**Task to complete:** Please write out only the lines from the one containing "Motobomba para piscina" through the last line of the listing. Do not include pictures.

**Data:**

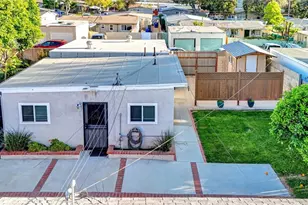 12202 Orange Dr, Whittier, CA 90601 - Photo 73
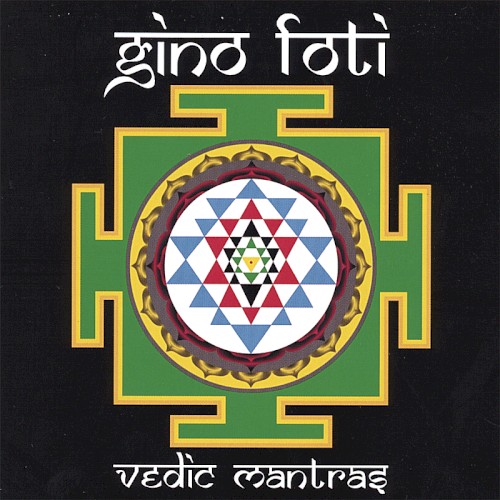 Vedic Mantras
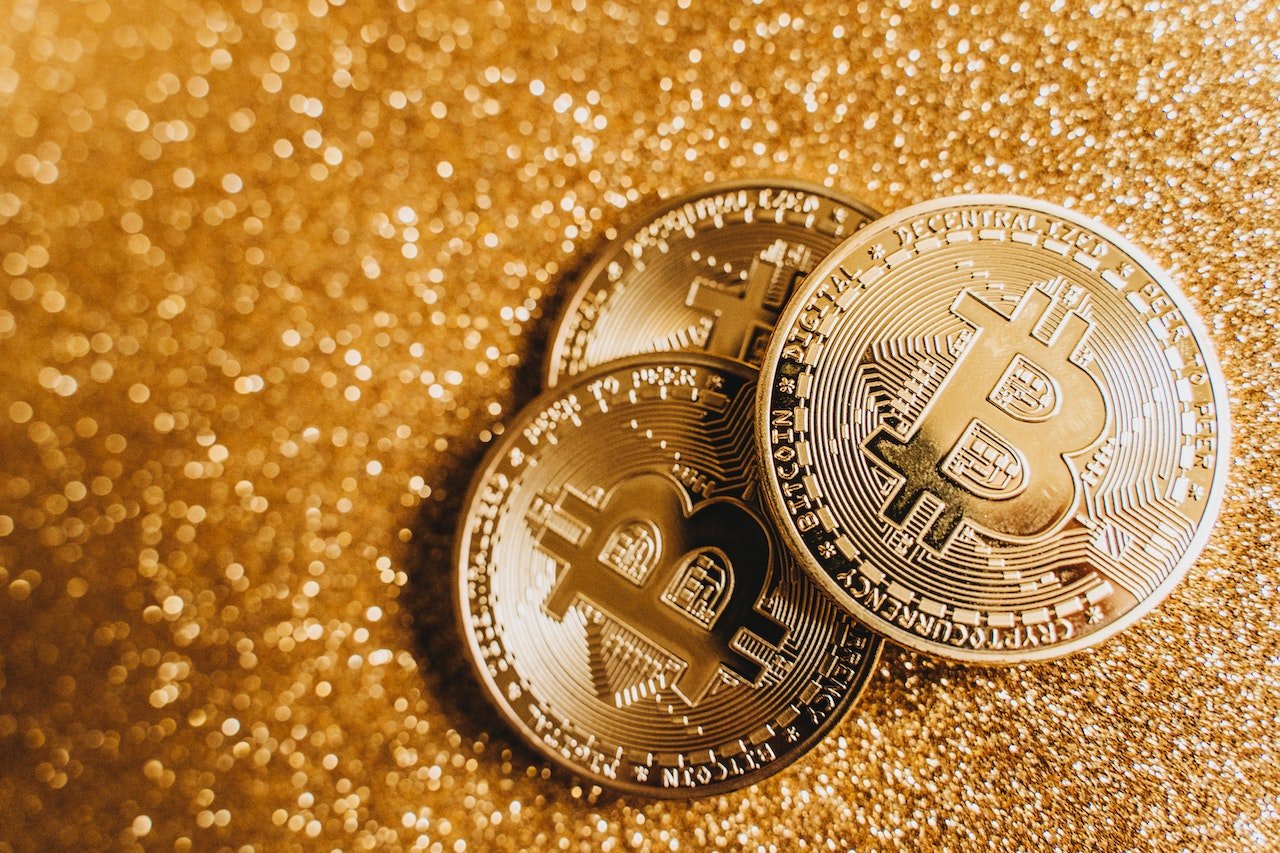 Token Kleros PNK: como e onde comprá-lo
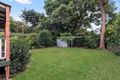 Property photo of 21 Dalmore Street Ashgrove QLD 4060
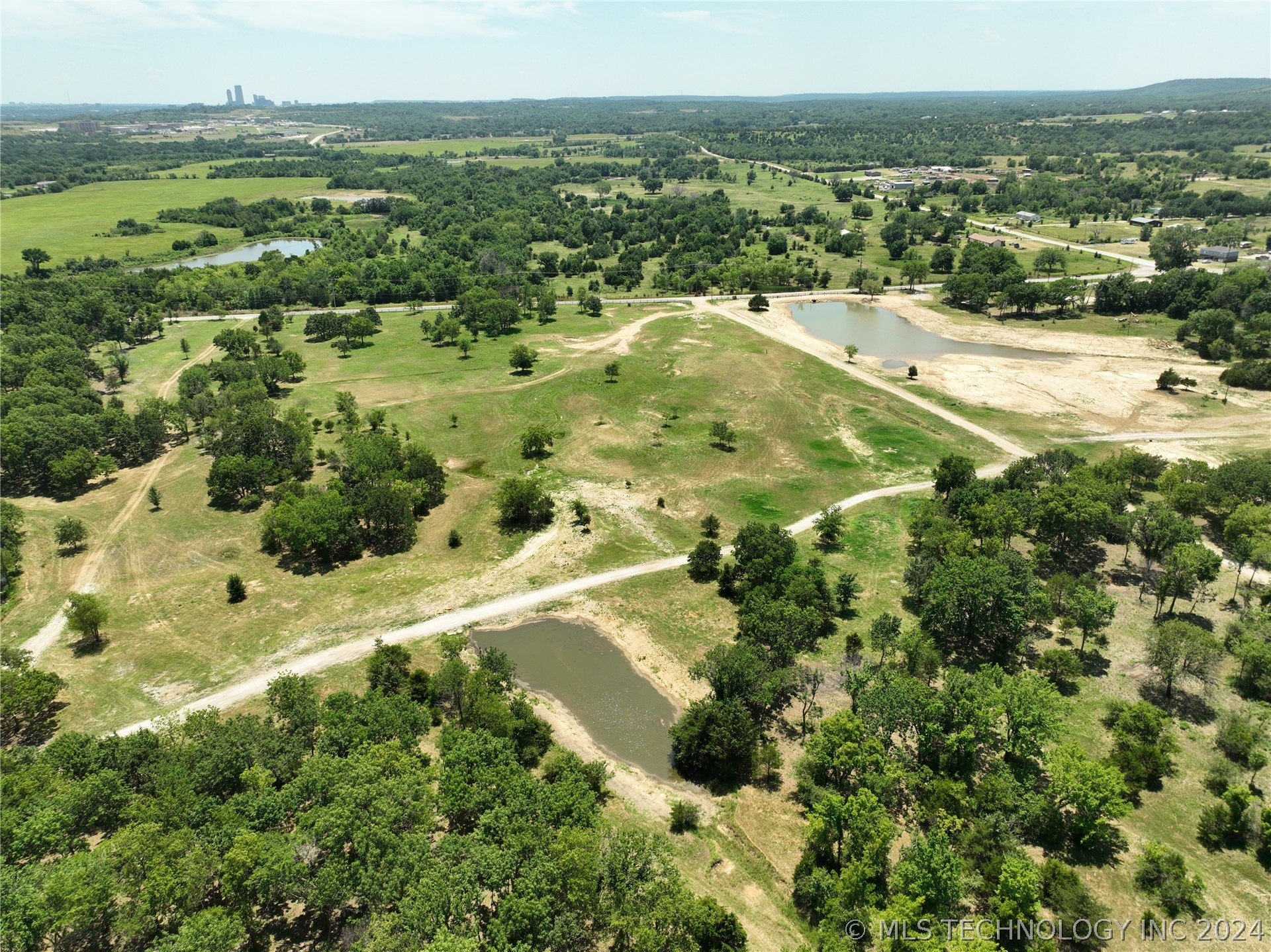 View Tulsa, OK 74126 property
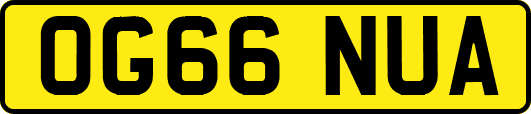 OG66NUA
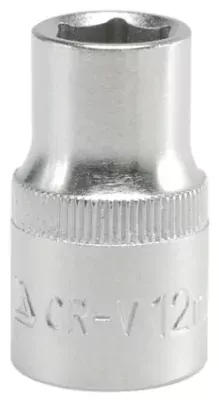 Nástavec 1/2" YATO 14 mm šestihranný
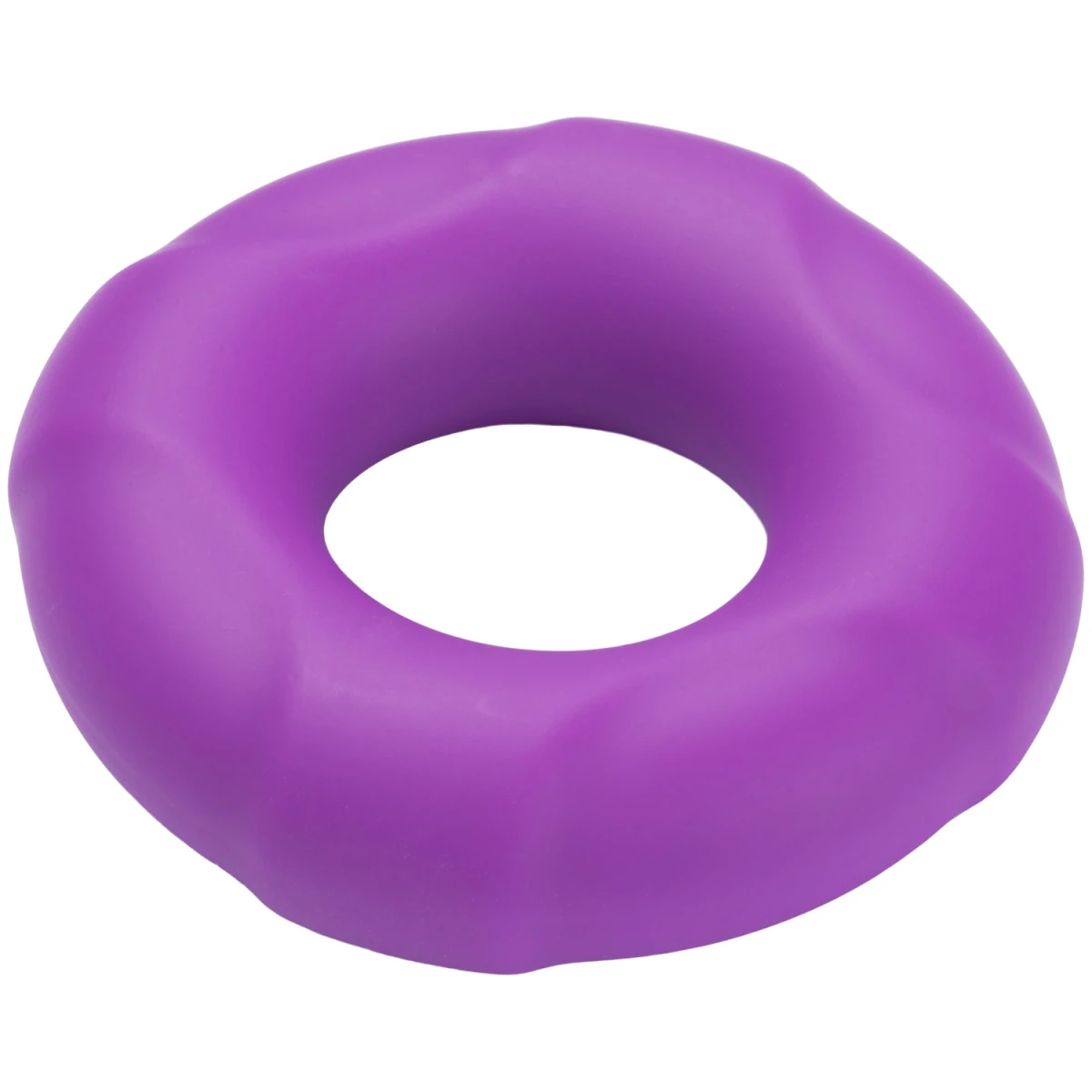 Tantus Buoy C-Ring Small 6 Tantus Buoy C-Ring Small - Afbeelding 4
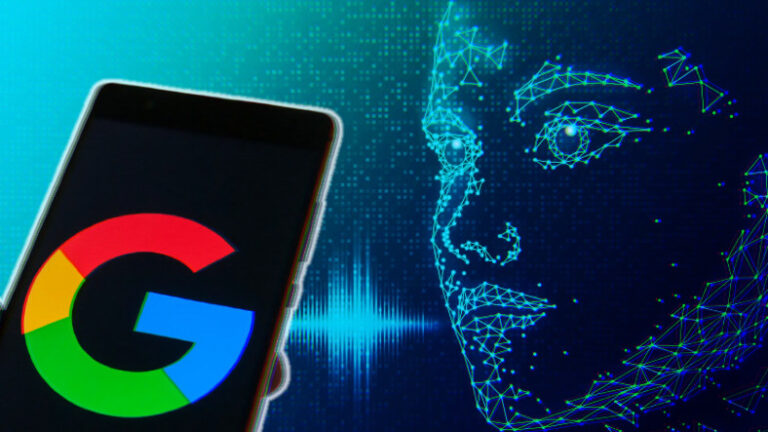 Google, 1000 Lisan Takviyeli Yeni Bir Yapay Zekâ Geliştiriyor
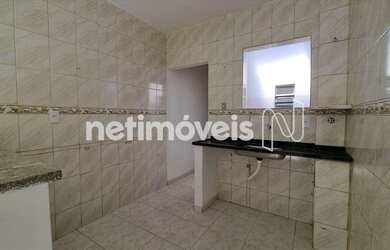 Imagem 6: Venda Lote-Área-Terreno Jardim Montanhês Belo Horizonte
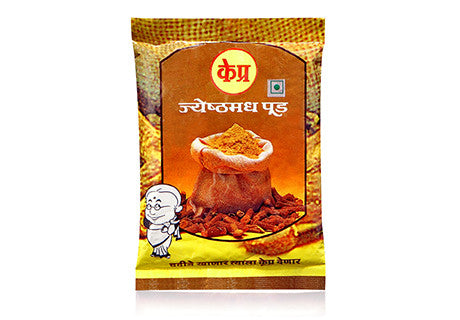 K-pra Jeshthmadh Powder 50Gms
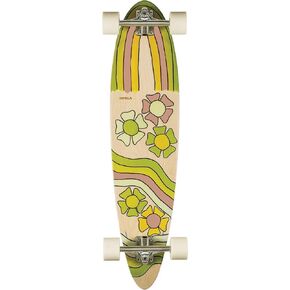Impala Jupiter 37" Longboard in Saudi Arabia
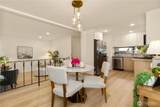 4123 145th Avenue - Photo 10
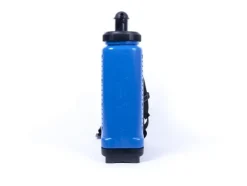 20 liters sprøjte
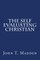 The Self Evaluating Christian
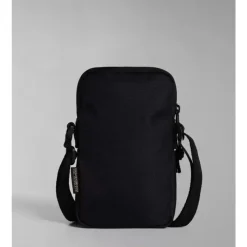 Schoudertassen|Crossbody><noscript><img width=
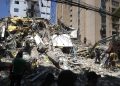 “Fue un sismo completamente aterrador”: José Luis Carillo, periodista en Colombia
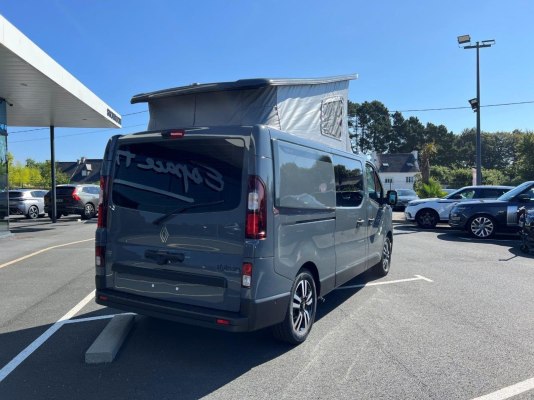 small-car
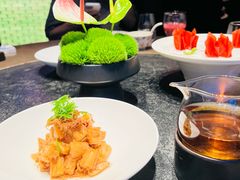 -拾久(朝阳公园店)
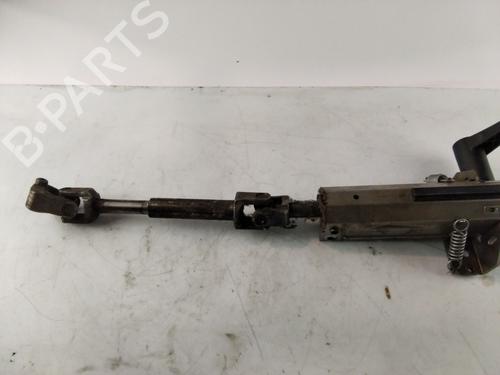 Steering column SEAT IBIZA IV (6J5, 6P1) | BP27573895M21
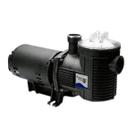 Motobomba para piscina Sibrape BPF-151 1,5CV 220/380V Eagle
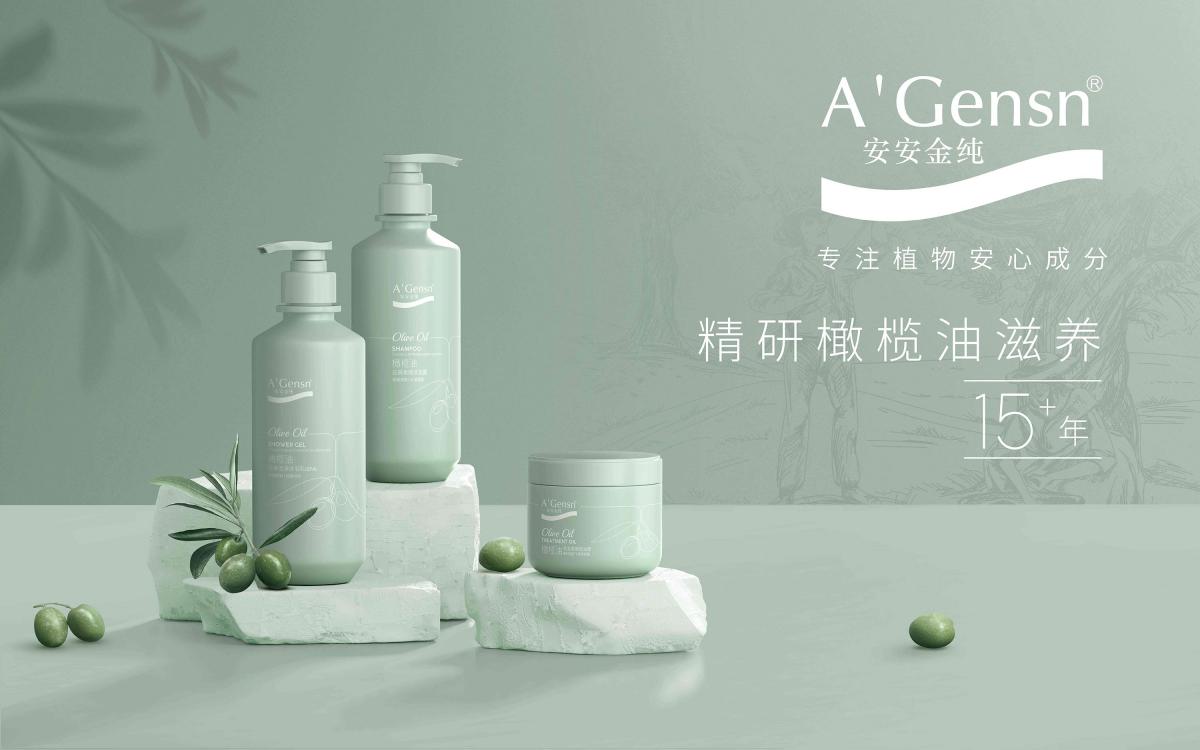 广东会官网金纯?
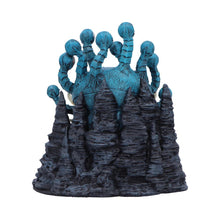 Load image into Gallery viewer, Dungeons &amp; Dragons Beholder Box 15cm
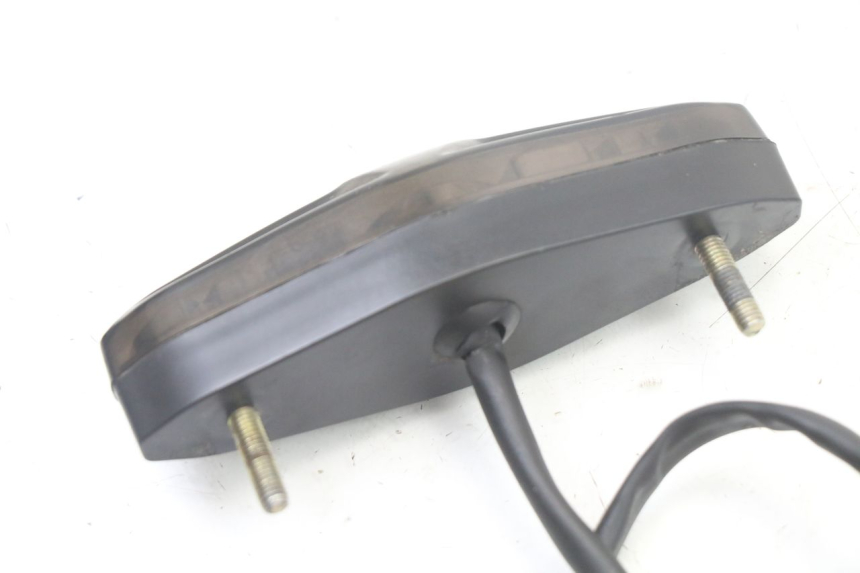 photo de TAIL LIGHT YAMAHA TZR 50 (2008 - 2016)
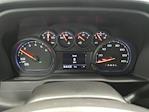 2026 Chevrolet Silverado 1500 Crew Cab 4x4 Pickup for sale #33131 - photo 12
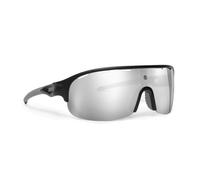 SIROKO - Lunettes de Sport K3 The CyclistNoir/Gris
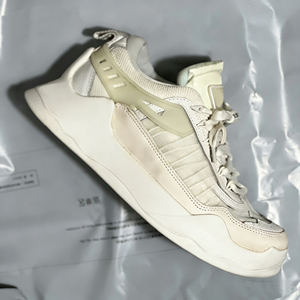 Offerta all'Ingrosso <span class=keywords><strong>Scarpe</strong></span> da Passeggio per il Tempo Libero da <span class=keywords><strong>Uomo</strong></span> in Stile Firmato - Product Image 3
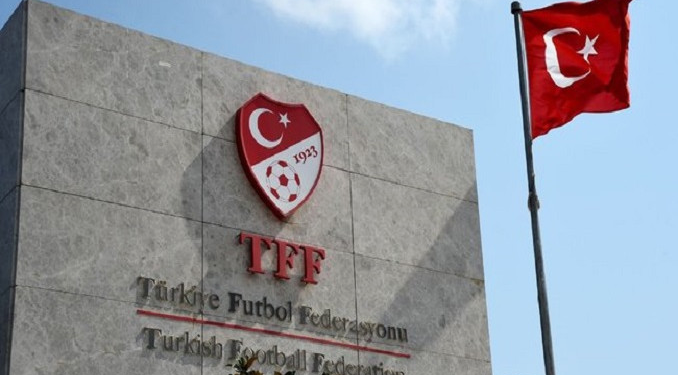 PFDK’dan Serdal Adalı kararı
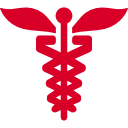 FARMACIAS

**Exercise solution:**
 Motobomba para piscina Sibrape BPF-151 1,5CV 220/380V Eagle
 广东会官网金纯?
 Load image into Gallery viewer, Dungeons &amp; Dragons Beholder Box 15cm
 photo de TAIL LIGHT YAMAHA TZR 50 (2008 - 2016)
 2026 Chevrolet Silverado 1500 Crew Cab 4x4 Pickup for sale #33131 - photo 12
 SIROKO - Lunettes de Sport K3 The CyclistNoir/Gris
 Offerta all'Ingrosso <span class=keywords><strong>Scarpe</strong></span> da Passeggio per il Tempo Libero da <span class=keywords><strong>Uomo</strong></span> in Stile Firmato - Product Image 3
 PFDK’dan Serdal Adalı kararı
 FARMACIAS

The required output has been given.